B/ L’identification de l’albatros au poète
- Une interprétation différente du même élément
V2 : article indéfini pluriel « des albatros → titre : « L’albatros », article défini singulier → valeur générale et symbolique de l’oiseau
- Le personnification de l’oiseau : v3 : « indolents compagnons de voyages », v9« voyageur ailé », v6 « rois de l’azur », v12 « infirme qui volait »
- Ces termes créent un paradoxe, car le lecteur ne sait pas s’il s’agit du poète ou de l’albatros.
- Identification à l’oiseau par le motif de l’aile
V16 : « ses ailes de géant l’empêchent de marcher », écho à « leurs grandes ailes blanches » V7, « voyageur ailé » V9 et « qui volait » » V12.

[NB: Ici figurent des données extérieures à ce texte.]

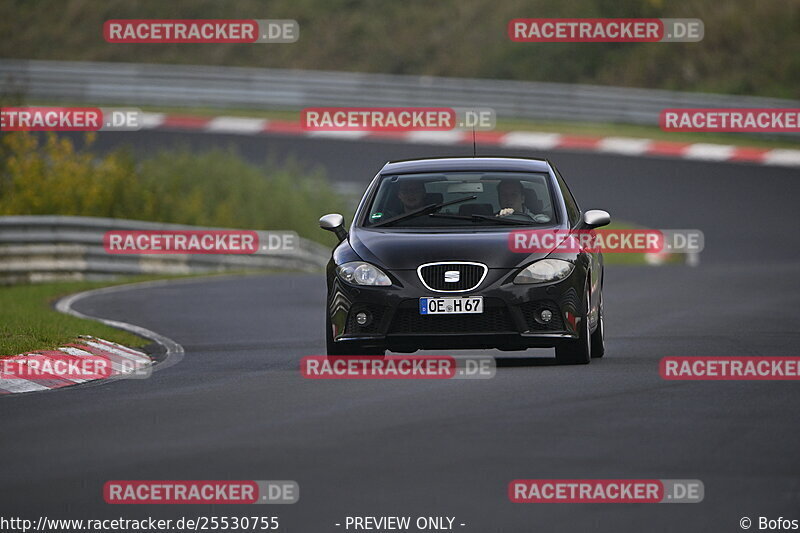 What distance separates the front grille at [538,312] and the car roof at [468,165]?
1776 millimetres

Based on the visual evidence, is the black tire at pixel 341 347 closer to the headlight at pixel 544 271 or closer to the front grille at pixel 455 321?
the front grille at pixel 455 321

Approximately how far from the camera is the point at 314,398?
11352mm

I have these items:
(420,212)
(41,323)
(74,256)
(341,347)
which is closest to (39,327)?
(41,323)

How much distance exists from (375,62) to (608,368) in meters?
42.8

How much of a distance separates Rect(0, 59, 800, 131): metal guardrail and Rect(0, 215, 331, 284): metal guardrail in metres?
15.2

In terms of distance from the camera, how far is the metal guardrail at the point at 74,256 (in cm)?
2502

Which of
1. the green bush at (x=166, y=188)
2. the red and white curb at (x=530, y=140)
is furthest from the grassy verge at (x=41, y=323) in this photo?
the red and white curb at (x=530, y=140)

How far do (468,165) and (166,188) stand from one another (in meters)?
18.4

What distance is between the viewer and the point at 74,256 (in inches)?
1021

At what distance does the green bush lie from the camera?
29.1 meters

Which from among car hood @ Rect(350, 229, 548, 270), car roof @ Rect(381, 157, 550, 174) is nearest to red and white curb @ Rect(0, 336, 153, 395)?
car hood @ Rect(350, 229, 548, 270)

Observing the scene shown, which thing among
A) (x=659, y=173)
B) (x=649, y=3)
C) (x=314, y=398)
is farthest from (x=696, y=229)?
(x=314, y=398)

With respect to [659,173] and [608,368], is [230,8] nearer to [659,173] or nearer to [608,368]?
[659,173]

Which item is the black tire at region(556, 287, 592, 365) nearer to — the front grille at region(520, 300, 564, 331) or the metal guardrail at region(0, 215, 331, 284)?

Cette image assure à la fois l’unité du poème et le passage de l’anecdote au symbole. Cela nous incite alors à un déchiffrement.

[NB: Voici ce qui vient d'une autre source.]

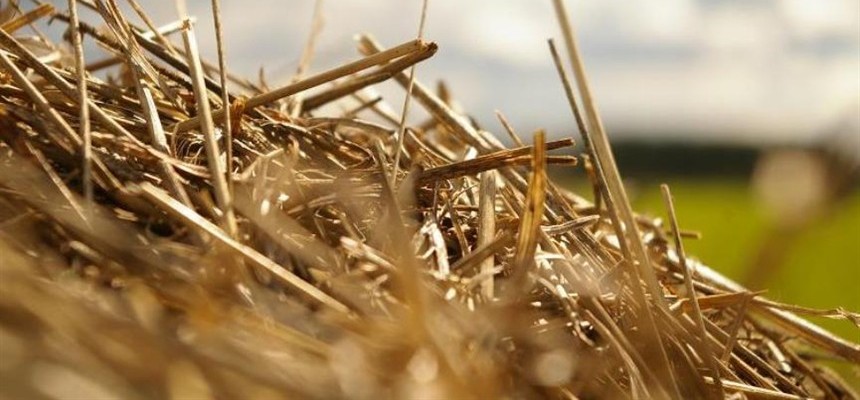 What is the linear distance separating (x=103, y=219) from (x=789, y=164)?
2.45ft

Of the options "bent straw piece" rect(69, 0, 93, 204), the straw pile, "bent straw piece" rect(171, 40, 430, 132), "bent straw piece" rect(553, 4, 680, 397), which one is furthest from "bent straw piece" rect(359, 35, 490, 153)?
"bent straw piece" rect(69, 0, 93, 204)

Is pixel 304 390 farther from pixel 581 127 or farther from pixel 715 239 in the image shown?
pixel 715 239

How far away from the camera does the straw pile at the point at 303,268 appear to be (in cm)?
60

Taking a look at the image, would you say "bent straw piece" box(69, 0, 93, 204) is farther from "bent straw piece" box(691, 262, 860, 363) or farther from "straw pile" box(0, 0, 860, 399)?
"bent straw piece" box(691, 262, 860, 363)

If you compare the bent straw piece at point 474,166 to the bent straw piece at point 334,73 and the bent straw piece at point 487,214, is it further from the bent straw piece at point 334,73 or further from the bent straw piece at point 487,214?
the bent straw piece at point 334,73

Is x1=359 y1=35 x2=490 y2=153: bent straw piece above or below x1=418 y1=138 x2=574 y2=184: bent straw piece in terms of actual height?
above

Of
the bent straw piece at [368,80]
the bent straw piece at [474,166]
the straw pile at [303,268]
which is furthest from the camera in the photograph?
the bent straw piece at [368,80]

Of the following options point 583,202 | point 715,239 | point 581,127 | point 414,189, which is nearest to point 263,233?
point 414,189

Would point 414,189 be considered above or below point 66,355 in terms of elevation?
above

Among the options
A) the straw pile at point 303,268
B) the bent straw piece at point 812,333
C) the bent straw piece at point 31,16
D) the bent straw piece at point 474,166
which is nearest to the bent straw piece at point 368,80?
the straw pile at point 303,268

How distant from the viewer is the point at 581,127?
1.10 meters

C/ Le déchiffrement : la double condition du poète
- L’albatros : une figure de grandeur
Poète = être singulier ← grandeur physique et morale
Signification symbolique du poème se lit dans l’image de l’oiseau ← idée de grandeur et détachement par rapport au monde matériel : « indolent[s] » V3, rêveur, il plane au-dessus di navire et des « gouffres amers » v4. C’est une image de Baudelaire des abîmes de l’existence et du temps, il « hante la tempête et se rit de l’archer » V14 → il se moque des atteintes provenant de la terre.
La supériorité morale et spirituelle du poète vis-à-vis des hommes est donc liée à un univers aérien et céleste (IDEAL). Le poète est donc celui qui se complaît dans les sphères de l’Idéal.
- Une contrepartie douloureuse : un sentiment d’inadaptation et d’exclusion → figure du poète maudit
- Les deux derniers vers de l’Albatros révèlent le revers douloureux du génie : l’incapacité de s’adapter aux réalités de la vie ordinaire et donc un sentiment constant d’exclusion. La chute du géant est suggérée stylistiquement par une rupture de construction, → anacoluthe « Exilé sur le sol […] / Ses ailes de géant l’empêchent de marcher »
- Cette inadaptation à une existence où dominent la médiocrité, la vulgarité, l’utilitarisme et la bassesse suscite la moquerie et le rejet des hommes qui l’insultent : v15 les « huées » → climat d’agression et de brutalité
- Ridicule et sublime, telle est l’alliance qui définit la grandeur du poète et sa chute, sa déchéance parmi les hommes.
Ce poème se présente donc comme une parabole dont le déchiffrement nous est livré en dernière strophe : l’albatros est la représentation allégorique du poète : un être supérieur et isolé, marginal, incompris et méprisé qui n’est plus dans son élément lorsqu’il quitte les hautes sphères de l’inspiration et de l’idéalité. Il se sent maudit et étranger dans une société qui ne le comprend plus. Mais l’albatros est aussi plus largement le symptôme de la dualité de l’homme, cloué au sol, embarrassé dans les dépendances matérielles alors qu’il inspire à l’infini, à l’idéal représenté par l’azur.
Mais Charles Baudelaire n’est pas le seul poète à se supérioriser. En effet, Victor Hugo exprime également son sentiment d’être « supérieur » aux Hommes dans « La fonction du poète » des Rayons et les ombres. Il se place en tant qu’intermédiaire entre Dieu et l’Homme et, selon lui, c’est le poète qui détient toute la vérité, qui découle directement de la parole divine.